=== Begin Enclosure ===

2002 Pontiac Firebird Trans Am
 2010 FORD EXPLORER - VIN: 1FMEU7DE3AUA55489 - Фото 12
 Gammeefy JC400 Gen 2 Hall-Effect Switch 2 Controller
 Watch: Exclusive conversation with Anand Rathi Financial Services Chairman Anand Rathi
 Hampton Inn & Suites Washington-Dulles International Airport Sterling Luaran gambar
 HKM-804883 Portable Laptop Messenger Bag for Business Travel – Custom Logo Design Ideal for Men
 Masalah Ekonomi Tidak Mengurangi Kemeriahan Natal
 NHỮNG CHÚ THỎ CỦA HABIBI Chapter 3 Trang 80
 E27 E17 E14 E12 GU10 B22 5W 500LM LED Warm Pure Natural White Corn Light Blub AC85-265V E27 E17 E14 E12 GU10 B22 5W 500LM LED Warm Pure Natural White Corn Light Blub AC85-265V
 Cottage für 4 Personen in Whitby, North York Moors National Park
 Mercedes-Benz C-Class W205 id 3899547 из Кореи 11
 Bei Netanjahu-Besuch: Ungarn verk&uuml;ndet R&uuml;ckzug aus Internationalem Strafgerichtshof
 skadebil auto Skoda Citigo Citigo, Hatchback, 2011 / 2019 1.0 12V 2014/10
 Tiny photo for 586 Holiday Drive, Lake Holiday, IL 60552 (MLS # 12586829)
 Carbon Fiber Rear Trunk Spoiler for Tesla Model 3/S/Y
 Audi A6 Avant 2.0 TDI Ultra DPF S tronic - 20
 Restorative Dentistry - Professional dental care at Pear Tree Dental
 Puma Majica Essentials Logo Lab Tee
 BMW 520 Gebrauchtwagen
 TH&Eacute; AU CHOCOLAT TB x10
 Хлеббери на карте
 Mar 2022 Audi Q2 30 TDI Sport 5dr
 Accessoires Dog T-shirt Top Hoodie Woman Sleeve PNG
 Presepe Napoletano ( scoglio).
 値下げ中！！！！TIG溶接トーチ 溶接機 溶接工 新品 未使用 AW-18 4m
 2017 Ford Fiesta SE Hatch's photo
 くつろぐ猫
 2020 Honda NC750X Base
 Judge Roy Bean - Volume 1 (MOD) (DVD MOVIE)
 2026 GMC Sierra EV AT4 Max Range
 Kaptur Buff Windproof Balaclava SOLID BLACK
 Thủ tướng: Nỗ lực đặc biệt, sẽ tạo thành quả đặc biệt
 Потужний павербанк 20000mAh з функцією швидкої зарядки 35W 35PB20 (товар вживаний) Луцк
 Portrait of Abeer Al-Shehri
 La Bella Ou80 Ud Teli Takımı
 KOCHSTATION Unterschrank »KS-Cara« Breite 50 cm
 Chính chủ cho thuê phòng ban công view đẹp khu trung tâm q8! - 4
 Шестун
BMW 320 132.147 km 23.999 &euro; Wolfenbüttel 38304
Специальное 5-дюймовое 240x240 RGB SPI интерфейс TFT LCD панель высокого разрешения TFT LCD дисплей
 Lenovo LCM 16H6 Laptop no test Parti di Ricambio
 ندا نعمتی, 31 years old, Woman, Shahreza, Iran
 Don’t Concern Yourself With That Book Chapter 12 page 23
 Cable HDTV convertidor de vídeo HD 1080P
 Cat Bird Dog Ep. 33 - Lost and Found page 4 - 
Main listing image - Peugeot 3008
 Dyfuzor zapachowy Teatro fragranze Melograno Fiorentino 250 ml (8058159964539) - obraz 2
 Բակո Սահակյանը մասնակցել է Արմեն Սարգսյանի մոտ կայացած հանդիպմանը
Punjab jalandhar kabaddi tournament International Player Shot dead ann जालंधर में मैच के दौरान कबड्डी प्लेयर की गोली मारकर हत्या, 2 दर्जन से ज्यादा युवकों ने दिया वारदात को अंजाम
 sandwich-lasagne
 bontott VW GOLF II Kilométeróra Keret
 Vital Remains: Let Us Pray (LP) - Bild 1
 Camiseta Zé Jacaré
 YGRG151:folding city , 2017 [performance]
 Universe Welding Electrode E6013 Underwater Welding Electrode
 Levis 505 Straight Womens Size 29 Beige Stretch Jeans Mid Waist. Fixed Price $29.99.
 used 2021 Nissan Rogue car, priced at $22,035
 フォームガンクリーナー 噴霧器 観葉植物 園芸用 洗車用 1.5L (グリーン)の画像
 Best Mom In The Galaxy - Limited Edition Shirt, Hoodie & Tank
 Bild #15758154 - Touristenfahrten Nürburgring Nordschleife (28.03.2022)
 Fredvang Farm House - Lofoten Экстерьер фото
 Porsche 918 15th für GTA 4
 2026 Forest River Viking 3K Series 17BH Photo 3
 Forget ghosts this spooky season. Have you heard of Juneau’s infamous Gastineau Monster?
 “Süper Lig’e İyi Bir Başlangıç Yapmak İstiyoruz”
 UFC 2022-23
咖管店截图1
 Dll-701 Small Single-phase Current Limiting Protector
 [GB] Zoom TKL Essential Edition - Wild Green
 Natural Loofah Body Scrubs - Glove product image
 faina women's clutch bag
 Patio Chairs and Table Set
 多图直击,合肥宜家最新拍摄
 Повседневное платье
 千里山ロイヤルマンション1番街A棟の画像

=== End Enclosure ===

• _Directions_: All lines in the preceding records that hold the word "Laptop" need to be copied.

• _Your response_:
 HKM-804883 Portable Laptop Messenger Bag for Business Travel – Custom Logo Design Ideal for Men
 Lenovo LCM 16H6 Laptop no test Parti di Ricambio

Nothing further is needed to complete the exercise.